## PROBLEM REQUIREMENTS
From the records that follow, return exactly the lines beginning at the one that contains "How to get into the FBI Database 101" and ending at the one that contains "l'aquila - In", pictures left out.
** RECORDS FOR THE EXERCISE follows **
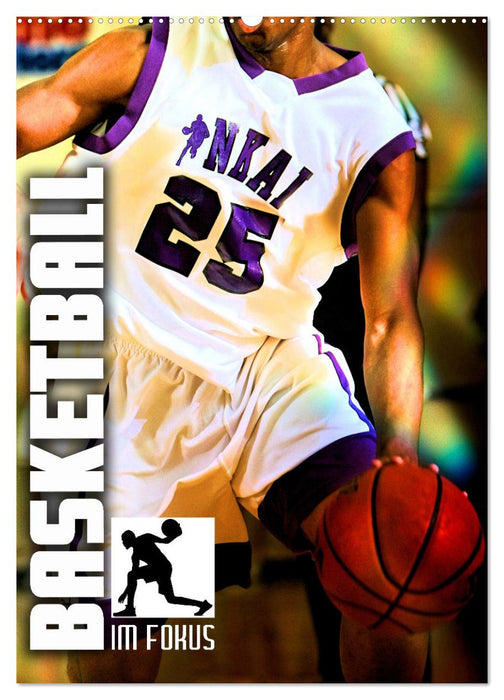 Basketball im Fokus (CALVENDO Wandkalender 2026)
** End of RECORDS FOR THE EXERCISE **
** RECORDS FOR THE EXERCISE follows **
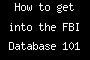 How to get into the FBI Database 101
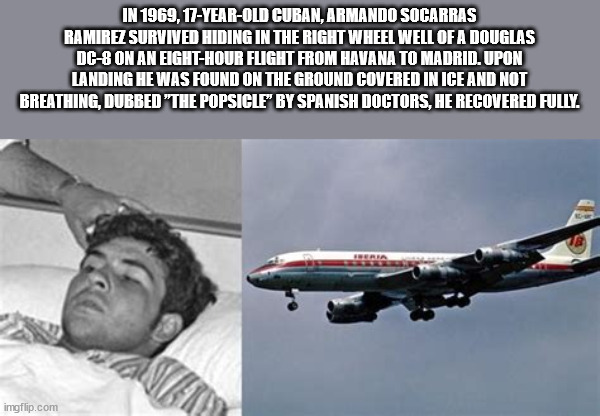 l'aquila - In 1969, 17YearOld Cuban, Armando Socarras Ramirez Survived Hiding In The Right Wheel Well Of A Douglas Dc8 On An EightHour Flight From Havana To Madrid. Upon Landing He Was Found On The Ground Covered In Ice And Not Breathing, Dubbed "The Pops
** End of RECORDS FOR THE EXERCISE **
## WRITTEN REPLY
 How to get into the FBI Database 101
 l'aquila - In 1969, 17YearOld Cuban, Armando Socarras Ramirez Survived Hiding In The Right Wheel Well Of A Douglas Dc8 On An EightHour Flight From Havana To Madrid. Upon Landing He Was Found On The Ground Covered In Ice And Not Breathing, Dubbed "The Pops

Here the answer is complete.